En su sitio web, que él mismo diseñó y maneja, tiene un ranking de jugadores de la Liga Uruguaya de Básquetbol y este es su top 10:
1- Marcos Cabot (Defensor Sporting)
2- Victor Rudd (Biguá)
3- Guzmán Vasilic (Defensor Sporting)
4- Stambi (Defensor Sporting)
5- Quincy Miller (Nacional)
6- Donald Sims (Biguá)
7- Hatila Passos (Defensor Sporting)
8- John Flowers (Peñarol)
9- Franco Giorgetti (Goes)
10- Johndre Jefferson (Nacional)
"He jugado en muchos equipos pero en ninguno tuve un compañero como Marcos Cabot, con semejante mentalidad competitiva para afrontar cada partido y súper profesional. Tuve muchos entrenadores en mi carrera, en Europa, que cuando jugábamos contra los equipos grandes nos decían 'No perdamos por 20 puntos'. ¿Lo qué? ¿Así motivás a tus jugadores? Marcos es competitivo en cada partido".  
En Defensor Sporting promedia 16 puntos desde su llegada a principios de diciembre, además de 4,5 rebotes y 3,5 asistencias por juego. 

Esa segunda temporada se jugó en modo burbuja, en Buenos Aires. 

A Stambi le daba vueltas en la cabeza la Villa 31. Un día, haciendo uno de sus 4 kilómetros de corrida callejera, movido por el inconsciente, se metió en la villa corriendo y salió caminando. Nadie se metió con él. Entonces decidió volver a la semana. Pagó de su bolsillo al proveedor del club 12 pelotas oficiales de la Liga, las cargó en una bolsa y nuevamente se metió caminando a la denominada zona roja.

"Había canchas de fútbol que también tenían aros de básquetbol. Todos los chicos estaban jugando al fútbol. Entonces saqué mis pelotas y empecé a tirar. Al rato se fueron acercando y empezamos a tirar durante 50 minutos. No entendían qué hacía ahí y cuando me fui me gritaron para que me llevara las pelotas, pero les dije que eran un regalo". 

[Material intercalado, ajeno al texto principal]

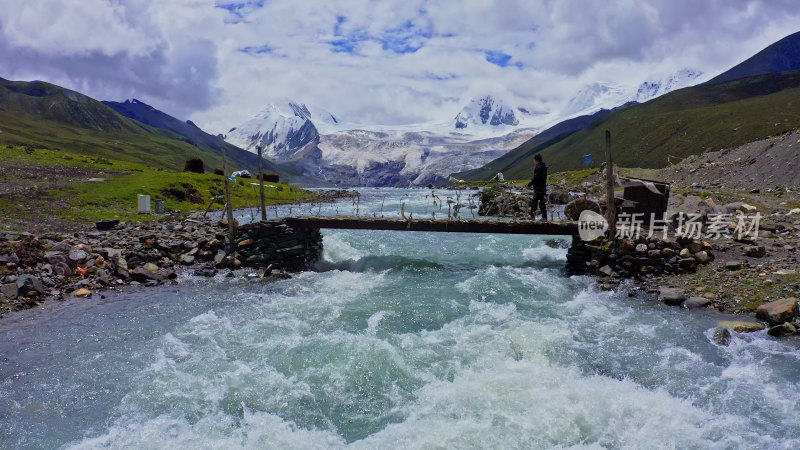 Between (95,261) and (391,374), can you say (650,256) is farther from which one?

Una poderosa y silenciosa acción de integración y de acercamiento del deporte a un sector vulnerable de la sociedad con la firma de escritor, cineasta y basquetbolista. Crack en todas las canchas.   

La llegada a Uruguay

En Beverly Hills, jugando a las 3 de la madrugada surgió una amistad con su vecino que hoy tiene 84 años

Stambi vivió un tiempo en Beverly Hills alquilando una casa en una zona donde viven muchos actores famosos. Al fondo tenía una cancha de básquetbol donde jugaba a cualquier hora. Un día, tirando a las 3 de la madrugada, escuchó al vecino llamándolo para decirle que no eran horas de jugar. El hombre tiene ahora 84 años y es uno de sus amigos de la vida. "Es un hombre muy inteligente, gran visionario para los negocios. Emprendió en el rubro del calzado. Fue quien me dijo que por mi personalidad tenía que venir a jugar a Uruguay, un país que conoce porque ha visitado Punta del Este".